Zero rating e desinformação
Porém, um dos principais problemas que os pesquisadores apontaram em entrevista ao *desinformante é a privação do consumidor que utiliza um plano de telefonia móvel com essas características. Valente destaca uma autocensura dos usuários, o que foi revelado na pesquisa do Idec, para o uso de serviços que não estão enquadrados naqueles de tarifa gratuita. “Essa é uma pesquisa histórica que mostra como de fato ocorre isso, em que a pessoa vai regular, vai começar a segurar o consumo de tudo aquilo que não é zero rating. Isso significa que essa pessoa vai entrar menos em sites jornalísticos, pode fazer menos pesquisas no Wikipedia”.
D’Agostini também aponta para a importância de se pensar o acesso à internet como um direito universal e essas questões afetam o direito ao acesso à informação e ao conhecimento. “O cenário que a gente tem hoje no Brasil de acesso à internet é um cenário excludente”, reforça a pesquisadora, visto que a parcela mais pobre da população tem um acesso restrito.
Essas restrições, além da autoprivação, apresentam dificuldades para uma informação de qualidade quando a franquia acaba.
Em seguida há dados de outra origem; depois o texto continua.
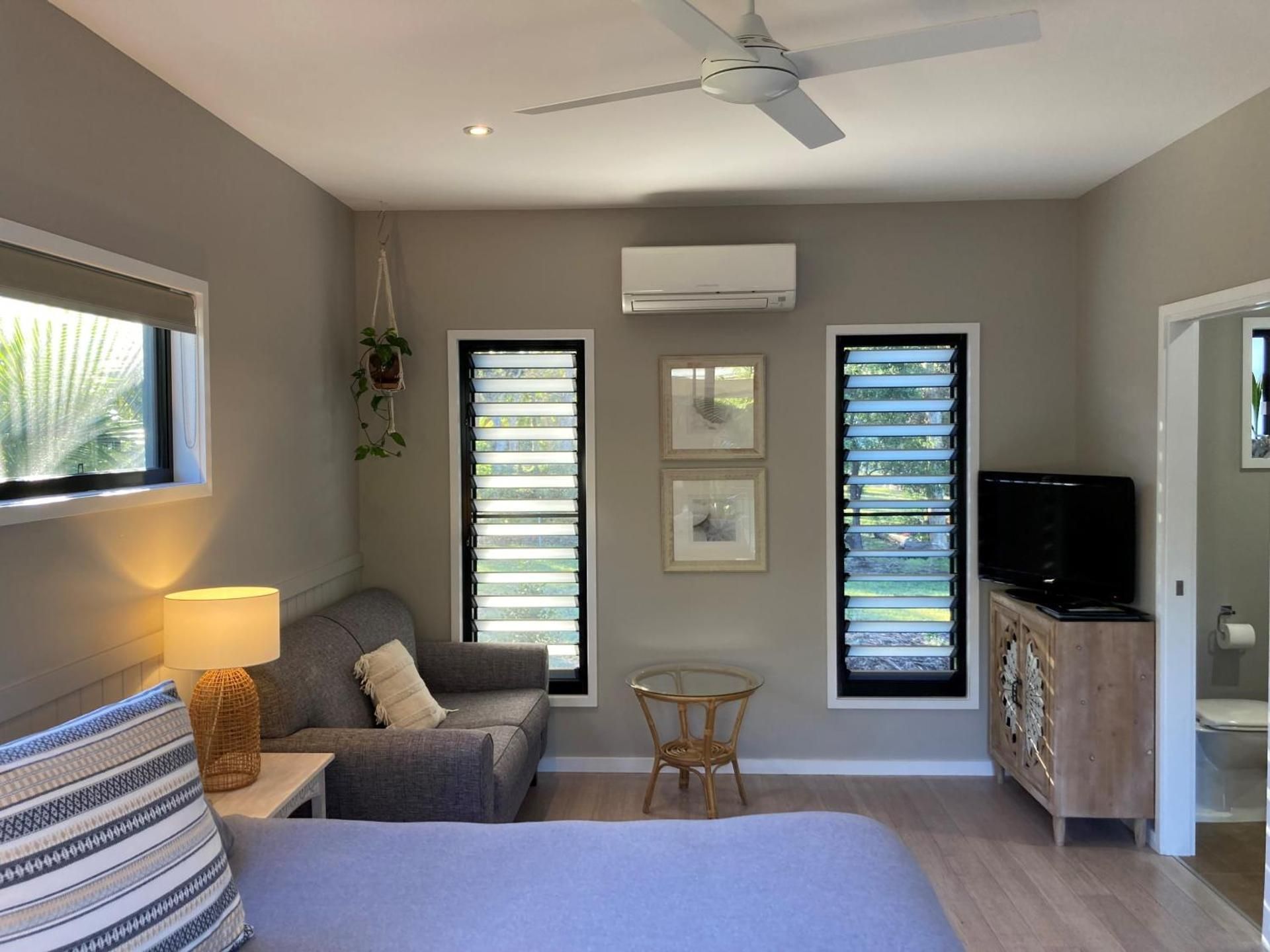 Agnes Water Stays Double Room with Pool View 2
Em um exemplo prático, quando os dados móveis do usuário acabam, ele fica de certa forma preso ao que recebe de conteúdo em aplicativos de mensagem ou redes sociais que fazem parte do pacote. Porém, além de não conseguir ler o conteúdo completo que às vezes está em um link externo, também não consegue verificar determinada informação para saber a veracidade dela.
“Em que pese algumas operadoras incluírem serviços noticiosos em suas ofertas de planos, na maior parte estas são em vendas casadas, impedindo que usuários de mais baixa renda adquiram estes recursos adicionais. Após o fim das franquias, a situação fica ainda mais problemática com a restrição de qualquer experiência online a essas aplicações, o que impede a possibilidade de recorrer a procedimentos básicos de checagem. Desta forma, a combinação franquia + bloqueio + práticas de precificação diferenciada torna-se combustível para a disseminação de desinformação”, destaca o Idec.
Neutralidade da rede
Outro ponto que merece destaque quando se fala em zero rating é o fato de a prática violar o princípio chamado neutralidade da rede, estabelecido no Marco Civil da Internet. A norma indica que deve-se “tratar de forma isonômica quaisquer pacotes de dados, sem distinção por conteúdo, origem e destino, serviço, terminal ou aplicação”. Para os pesquisadores entrevistados pelo *desinformante, a prática mencionada viola este princípio. No entanto, como explica Jonas Valente, o órgão regulador Anatel avaliou a situação e decidiu que não há essa violação.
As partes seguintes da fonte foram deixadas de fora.